Dear teacher, may I remind you that you are not the Savior? You have not been called to redeem the lives of your needy students; you are not that powerful. Yes, ask Jesus for ways to love on the dear little person desperately needing nurture and care. Times of pondering are appropriate. However, when you leave your classroom in the evening, try not to carry your troubled students home with you. (Those of us gifted with mercy are more vulnerable to this.) Place them in Jesus’ hands and then go home. Spending your entire evening mulling over student needs takes significant energy and draws from your resources. Your job is teaching academics, not being a savior.

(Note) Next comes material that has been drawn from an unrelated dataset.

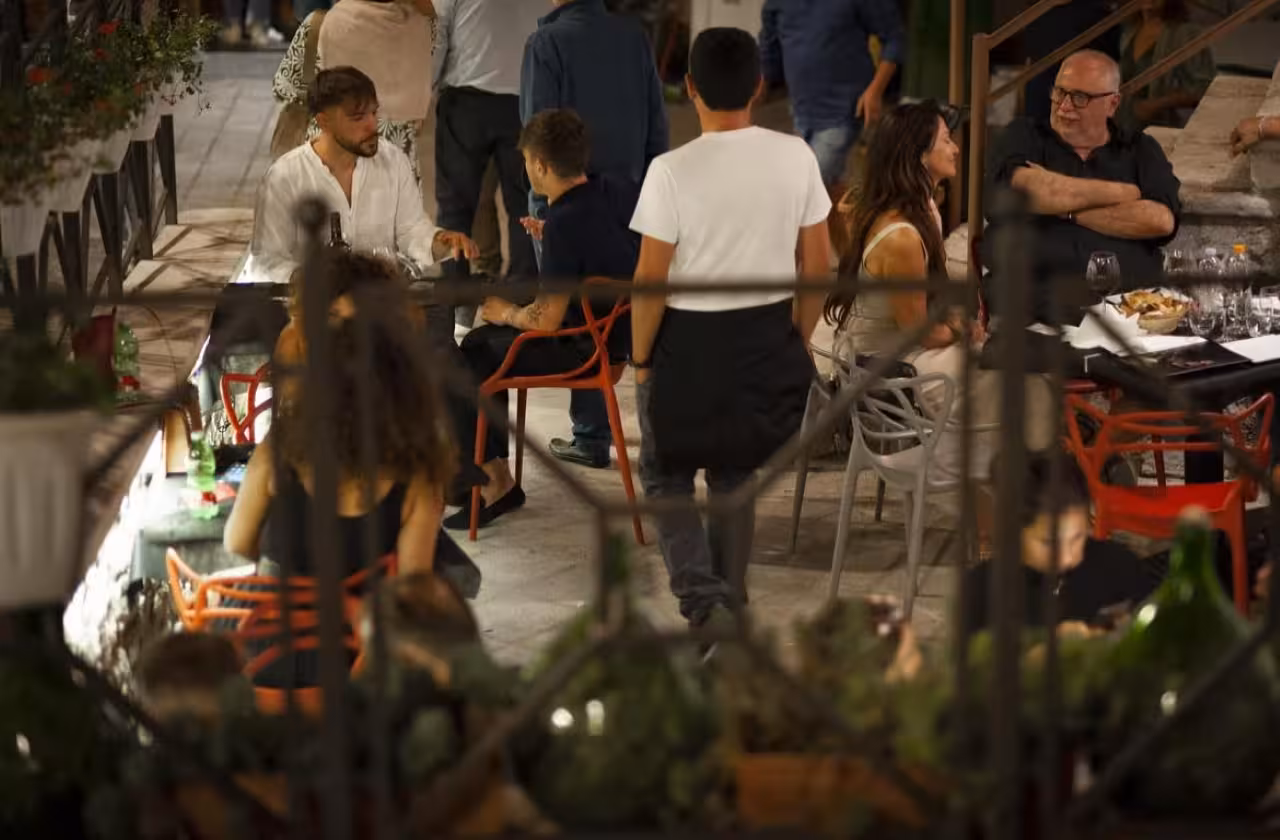 Evening trattoria scene after Taurasi DOCG tasting, enjoying local delights and Campania food pairing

If God chooses to use you in a dramatic way in the life of a student, He may do that. But you should not seek that dramatic moment. Be faithful in showing love, kindness, and patience, and then focus your energies on preparing lessons and teaching well.

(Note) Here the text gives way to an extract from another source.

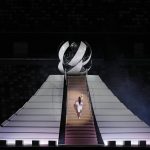 
              Naomi Osaka climbs stairs to light the Olympic Cauldron during the opening ceremony in the Olympic Stadium at the 2020 Summer Olympics, Friday, July 23, 2021, in Tokyo, Japan. (AP Photo/Kirsty Wigglesworth)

*If you know for certain that a student is experiencing sexual abuse, you are a mandated reporter because you are a teacher. Talk to your principal about the system your school has in place for handling situations involving sexual abuse.
Myth 5: Your Students Should Not See You Cry
It makes them feel uncomfortable, doesn’t it? After all, you are their teacher and you need to remain in control and in charge, right?

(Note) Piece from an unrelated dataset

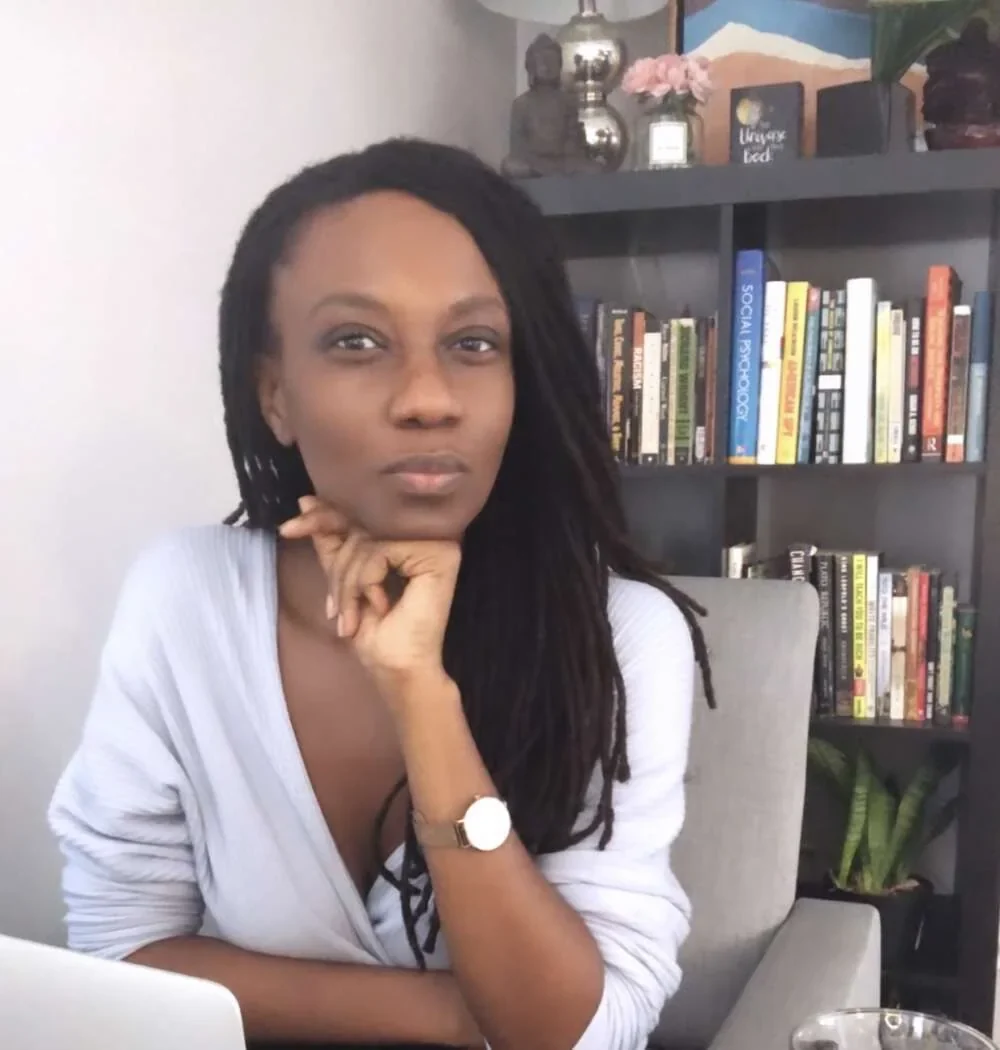 Crystal seated by her bookshelves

I recall an experience I had when in grade school. During one morning singing period, our teacher burst into tears! Initially, I thought this was funny, seeing the teacher cry, but that feeling was soon replaced with discomfort, as she continued sobbing in front of us. Nothing I could do would make her stop crying, and I came away from that situation with a vow that “I will not let my students see me cry because I don’t want to make them uncomfortable.”
I have, however, been surprised by some of the conversations we had as a class during moments when I felt emotionally weak. One morning, shortly before the school day began, I received some disturbing news. With school was beginning in 10 minutes, I needed to get in front of my students, tears or no tears. Rather tearfully I greeted my class that morning and attempted to continue with my plans for the day. As I was herding students and chairs out of the building for our outside class, one of my boys paused beside me at the door.
“Miss Kuhns,” he said, “What are you going to sit on?” I paused, realizing that I had forgotten to bring my stool with me, which is what I perch on for outside classes. “I will go get it for you,” he offered, heading back to our classroom.
Perhaps my tears called forth a bit of manliness from my second grader that morning. I have discovered that times of emotional vulnerability can turn into times of sweet classroom bonding when I am willing to be real with my students. If the tears come, embrace them and let your students love on you. They need to know that you are a real person too.
As you encounter these myths or others on your teaching journey, I pray that you will be strengthened for the journey. May the Master Teacher bless you with wisdom and confidence!